Annoying. But there is a way around.
for(i in 1:nrow(data)){
data$number[i] <- length(unlist(strsplit(data$authors[i],";")))
}
head(data[,c("authors", "number")])
## authors number
## 1 Astrup, Tage; Brodersen, Rolf 2
## 2 Foss, Olav 1
## 3 Blom, Jakob; Rosted, Carl Olof 2
## 4 Veibel, Stig 1
## 5 Ågren, Gunnar 1
## 6 Erdtman, Holger; Gripenberg, Jarl 2
Now I have a new column in data, with the name number, which contains the number of authors on a given paper.
Again I run into some problems with factors. No problem, I have a hammer. Two lists are generated, aggregated to a new dataframe (numbermat). And the function aggregate, on column 2, aggregated by year, and with the function mean, gives me the result.
numbers <- data$number
year <- data$year
numbermat <- data.frame(year, numbers, stringsAsFactors = FALSE)

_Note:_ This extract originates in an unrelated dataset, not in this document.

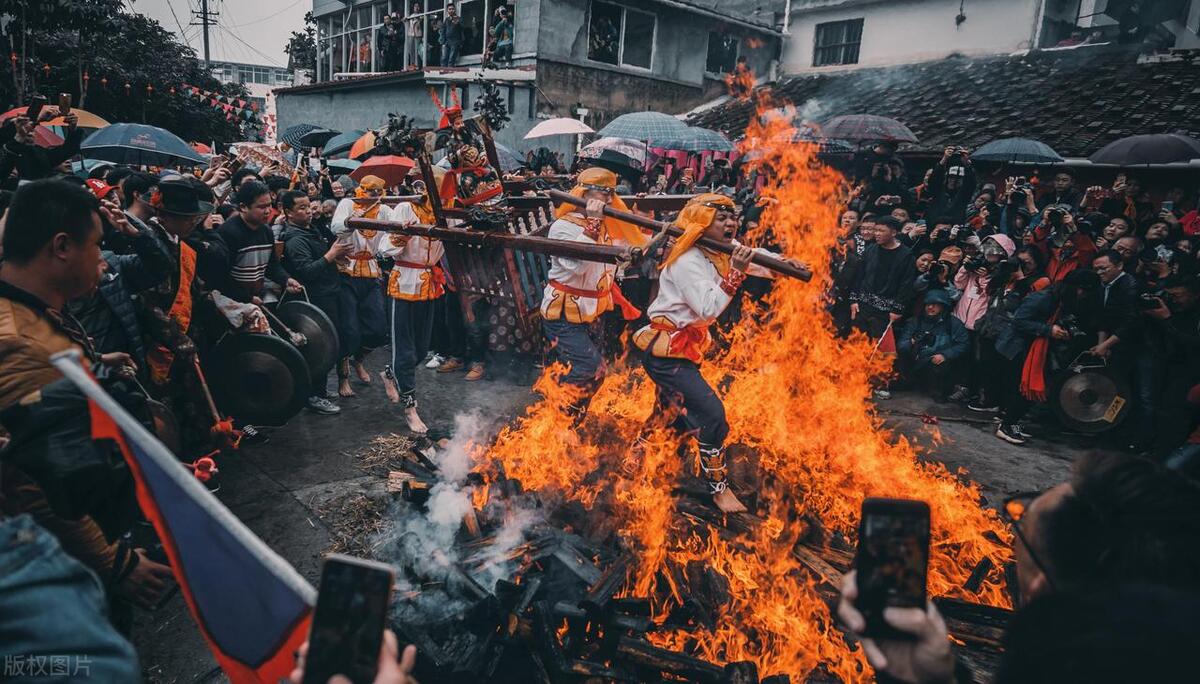 九成的国人都对她有误解！上天造神、下地造鞋，夹在福泉两州之间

avNumAut <- aggregate(numbermat[,2], list(numbermat$year), mean)
avNumAut
## Group.1 x
## 1 1947 1.638095
## 2 1948 1.534483
## 3 1949 1.514563
## 4 1950 1.586498
## 5 1951 1.623762
## 6 1952 1.793249
## 7 1953 1.659389
## 8 1954 1.678670
## 9 1955 1.618497
## 10 1956 1.631420
## 11 1957 1.659091
## 12 1958 1.648725
## 13 1959 1.633245
## 14 1960 1.670391
## 15 1961 1.740634
## 16 1962 1.735369
## 17 1963 1.815603
## 18 1964 1.764249
## 19 1965 1.898345
## 20 1966 1.865169
## 21 1967 1.838074
## 22 1968 1.900415
## 23 1969 2.053030
## 24 1970 1.982456
## 25 1971 1.967857
## 26 1972 2.033557
## 27 1973 2.065336
## 28 1974 2.064516
## 29 1975 2.194595
## 30 1976 2.173442
## 31 1977 2.144476
## 32 1978 2.349673
## 33 1979 2.320132
## 34 1980 2.328671
## 35 1981 2.284585
## 36 1982 2.561069
## 37 1983 2.436364
## 38 1984 2.309804
## 39 1985 2.440367
## 40 1986 2.645570
## 41 1987 2.506977
## 42 1988 2.849057
## 43 1989 2.805556
## 44 1990 2.740741
## 45 1991 3.021390
## 46 1992 2.915000
## 47 1993 3.113861
## 48 1994 3.052632
## 49 1995 3.313725
## 50 1996 3.224044
## 51 1997 3.188482
## 52 1998 3.302439
## 53 1999 3.432749
sum(numbermat[numbermat['year'] == "1947", 'numbers'])/length(numbermat[numbermat['year'] == "1947", 'numbers'])
## [1] 1.638095
I’m just checking – will the sum of the number of authors in 1947, divided with the number of papers, give me the same result as the aggregate?
It does.
plot(avNumAut)
Looking at the plot, it appears that the rise is almost linear from 1960 or so.
Looking at the columnnames, and passing it to a simple linear model:
str(avNumAut)
## 'data.frame': 53 obs. of 2 variables:
## $ Group.1: chr "1947" "1948" "1949" "1950" ...
## $ x : num 1.64 1.53 1.51 1.59 1.62 ...
x <- as.integer(unlist(avNumAut["Group.1"]))
y <- unlist(avNumAut["x"])
fit <- glm(y~x)
co <- coef(fit)
summary(fit)
##
## Call:
## glm(formula = y ~ x)
##
## Deviance Residuals:
## Min 1Q Median 3Q Max
## -0.28535 -0.12739 -0.03684 0.13649 0.33606
##
## Coefficients:
## Estimate Std. Error t value Pr(>|t|)
## (Intercept) -66.395759 2.870939 -23.13 <2e-16 ***
## x 0.034774 0.001455 23.90 <2e-16 ***
## ---
## Signif. codes: 0 '***' 0.001 '**' 0.01 '*' 0.05 '.' 0.1 ' ' 1
##
## (Dispersion parameter for gaussian family taken to be 0.02625785)
##
## Null deviance: 16.3357 on 52 degrees of freedom
## Residual deviance: 1.3392 on 51 degrees of freedom
## AIC: -38.54
##
## Number of Fisher Scoring iterations: 2
That is actually not that bad.
Lets plot it again, this time with the linear fit:
plot.new()
plot(x,y, xlab="Year", ylab="Avg. # of authors", main="Average number of authors on papers\n in Acta.Chem.Scand. increases over time")
abline(fit,col="blue")
Conclusion: My hypothesis is correct. Or rather, there actually is an increase in the average number of authors on a paper over time.